E poi dicono che “i giudici non dovrebbero sostituirsi alla politica…”, invece per fortuna esistono ancora i tribunali ed esistono giudici che sanno interpretare le mutazioni dei costumi e delle sensibilità, impedendo che alcuni cittadini restino senza diritti, condannati all’invisibilità e all’inesistenza civile.

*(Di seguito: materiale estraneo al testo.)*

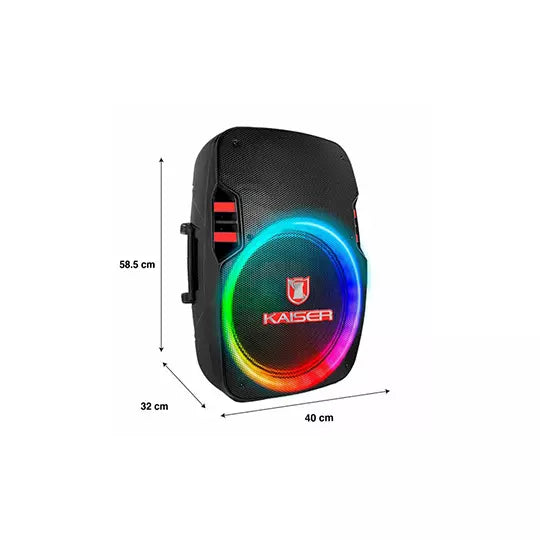 Bafle recargable KAISER 15" 25,000 w con micrófono alámbrico y tripie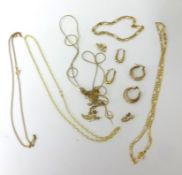 Various 9ct gold chains and some loose gold jewellery items, approx 25.70g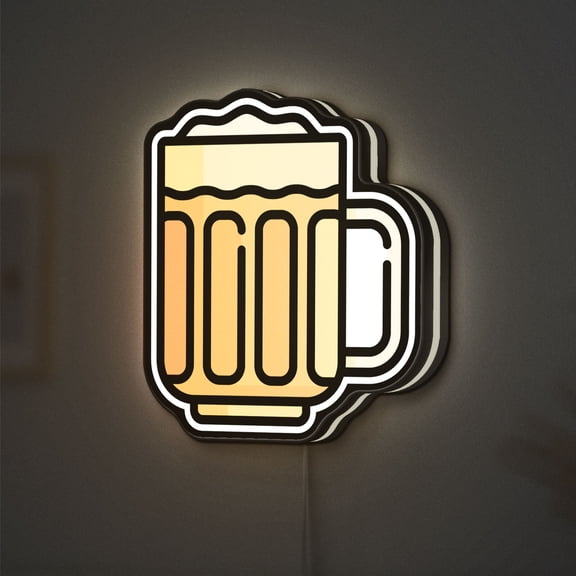Beer Mug 3D Novelty Light Box for Alcohol Decor, Food and Drink Themed Lamp Ideal for Pubs, Parties and Bars (Width 8 inch, 20cm)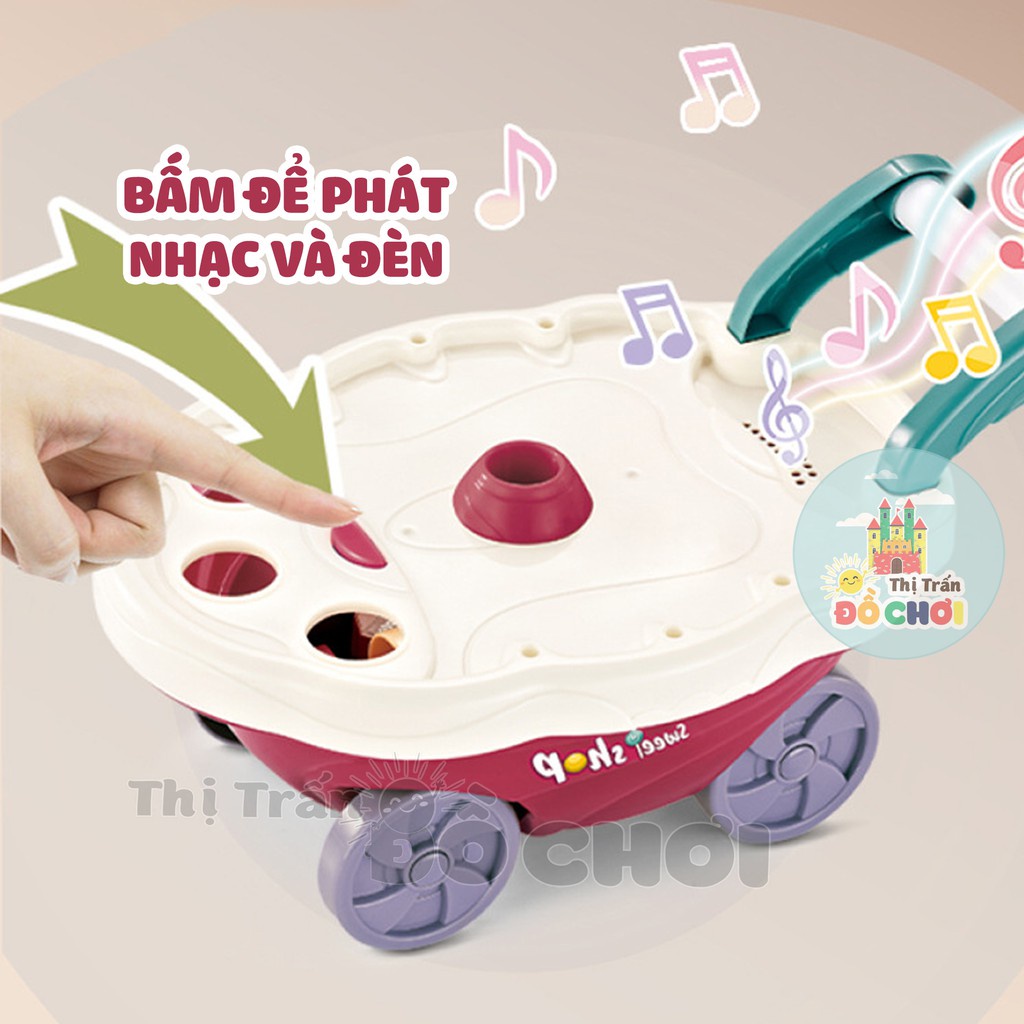 Đồ Chơi Xe Đẩy Kem Xe Bán Kem Cho Bé Có Đèn Nhạc 2 Tầng 30 Chi Tiết Đồ Chơi Đồ Hàng Cho Bé - BỐ KHỦNG LONG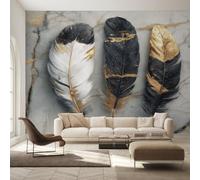 Générique Papier Peint Panoramique Marbre, Papier Peint Plume Noir et Or Fond pour Chambre Wallpaper, Fresque Murale pour Salon Salle Deco Murale, 100x70cm D&O119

Così è stato nella storia recente per i diritti delle donne, per i diritti dei lavoratori, per quelli di tante coppie di fatto. Ora una sentenza altrettanto innovativa e coraggiosa, questa volta in materia di omofobia, è arrivata dal Veneto, dove un giudice, anzi una giudice, ha condannato un’impresa per aver incentivato, incoraggiato e protetto una vera e propria campagna di mobbing, di persecuzione nei confronti di un dipendente reo di essere “un omosessuale dichiarato”, dunque una sorta di disturbatore della pubblica quiete in un Veneto berlusconiano che poco ha da dire sui bunga bunga del presidente, ma non può sopportare gli omosessuali, o almeno quelli dichiarati, perchè la doppia etica prevede che l’omosessualità possa essere accettata purchè “in casa e non conclamata”.
L’episodio e soprattutto la sentenza ci è stata segnalata da Ugo Dinello, un coraggioso e sensibile giornalista veneziano, ricco di passione civile e intransigente difensore dei diritti di libertà e di autodeterminazione.